Banks around the world should probably check their feng shui, because things are not going well. Hot on the heels of a spectacular triple collapse featuring Silicon Valley Bank, Signature Bank and Silvergate Capital, the latest victim is none other than Credit Suisse.
Yup, you heard that right—Credit Suisse has fallen.
On 19 Mar 2023, the Swiss bank was taken over by its rival, UBS Group. Credit Suisse had already been in trouble for years due to factors like big losses and juicy scandals involving spying and cocaine cash laundering.
Following an announcement from the bank that there were some problems with its reporting process for 2021 and 2022, one of their biggest shareholders, the Saudi National Bank, which holds almost 10% of their shares, announced that it would not be increasing its investing holdings. That sent other investors into a panic, and Credit Suisse’s share price plunged.
Why is this so scary? Credit Suisse is one of the world’s biggest banks and also has a strong presence in Singapore. Its collapse could spark off a global financial crisis.
Luckily, Credit Suisse has been taken over by UBS, but the bank’s shareholders are likely to suffer, and customers will soon feel the pinch as well, since changes in operations will affect products and services and branches are likely to close.
How do banks work?
Scared your own bank is going to collapse? Knowing how banks work can give you an idea of how you could potentially be affected.
If you have a savings account, you store your liquid cash there because you trust it will still be there tomorrow. You also want to be able to spend or withdraw the cash whenever you need it.
So, what happens if you wake up and discover that the bank has crumbled overnight? The good news is, if your bank branch is based in Singapore, you won’t lose your SGD—at least, not all of it.
That’s because the Singapore Deposit Insurance Corporation (SDIC) insures SGD deposits in member banks. This is covered in a later section, so scroll down if you want to find out more how much of your money is protected by SDIC.
If the bank is not rescued by a takeover, it will be liquidated. In other words, its assets will be sold off to pay those to whom the bank owes money.
Liquidation doesn’t happen overnight—we’re talking months or even years. In the meantime, the regulator will take control of the bank to ensure it runs with as little disruption as possible.
That said, as a customer, it’s not business as usual, and you will be inconvenienced. Your checks might bounce, bank branches might close down, and you might fail to receive deposits.
What do you do if you find out that your bank has collapsed?
If you thought those dreams about your teeth falling out were bad, there’s a new nightmare in town—your bank collapsing as you sleep.
While we certainly do not wish our readers any ill luck, the way the world is going now, you should not rule out the possibility of your bank collapsing someday, too.

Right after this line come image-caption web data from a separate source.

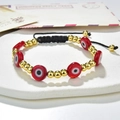 Detailed close-up of a red evil eye bead bracelet with gold accents on a black woven cord - Red Evil Eye Style (221025G-D-5)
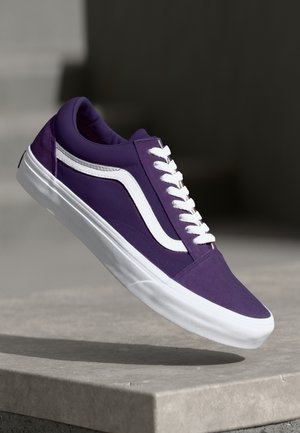 Baskets violettes avec une bande blanche et des lacets flottant au-dessus d'une surface en pierre sur un fond sombre et neutre.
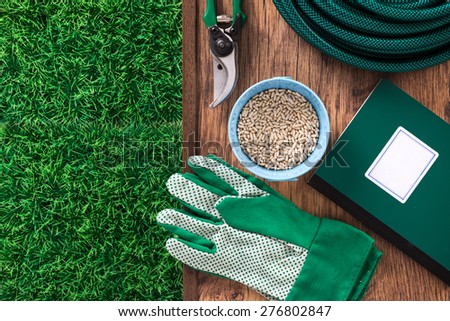 Farming and home gardening tools with green grass and farming manual book guide, top view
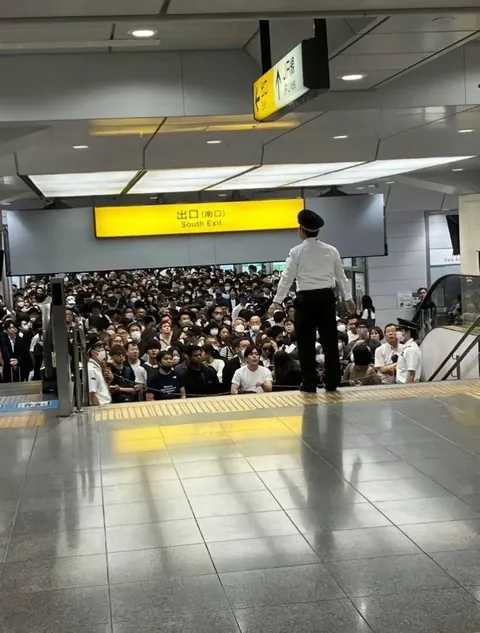 PsBattle: A large gathering of crowd in a Japanese train station with a security guard standing above them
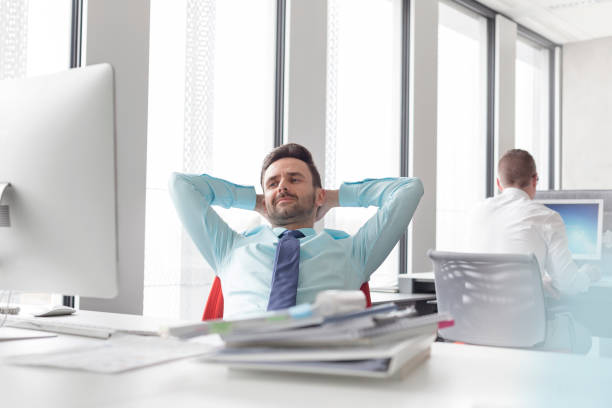 istock Relaxed businessman leaning with hands behind head at computer in office 567166263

In this doomsday scenario, what should you do? Here’s a quick and dirty survival guide.
Step 1: Don’t panic
A Singaporean’s worst nightmare is something happening to the cash we’ve slaved away to earn. Be that as it may, try your best to remain calm and, most importantly, do not make any hasty decisions.
You might be tempted to rush to withdraw all your cash and liquidate your investments, but you should make sure you’re making all decisions in an informed manner rather than as a knee-jerk reaction.

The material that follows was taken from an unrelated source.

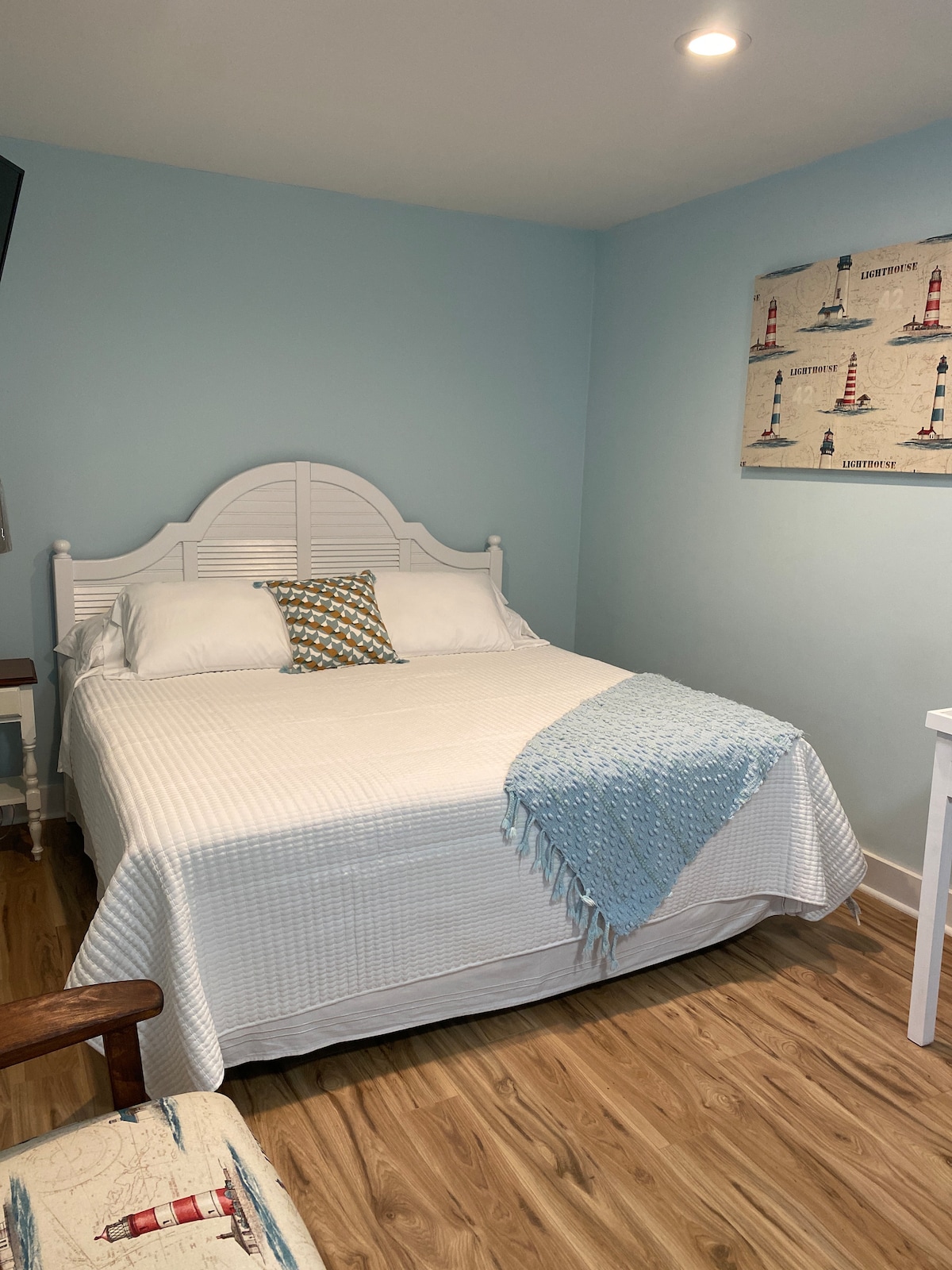 A well-appointed bedroom features a spacious bed with crisp white bedding and a decorative pillow. A light blue wall adds a calming backdrop, while a small accent quilt is draped over the bed. Natural wood flooring and a nautical-themed wall art piece enhance the cozy ambiance.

Step 2: Find out what happened from various sources
The earlier you get up to speed on what is really happening with your bank, the better. Sources to turn to include credible news outlets and your bank’s official website. Try to gather news from official and reliable sources—in other words, you should not be getting all your information on TikTok.
Your next step is to seek advice from your well-informed peers and/or financial advisor, who may be able to offer guidance on how to protect your money. Again, you want to be careful of unreliable sources—your parents’ mahjong kakis’ WhatsApp group, for instance, may not exactly be a wellspring of valuable advice.
Step 3: Contact your bank
If you haven’t received any communication from your bank, you should contact them asap to get as much information as you can on the situation. What’s going to happen to my money? What should I do next? That said, don’t take everything they say as the gospel truth, as it’s likely that employees will be instructed on what they can and cannot reveal.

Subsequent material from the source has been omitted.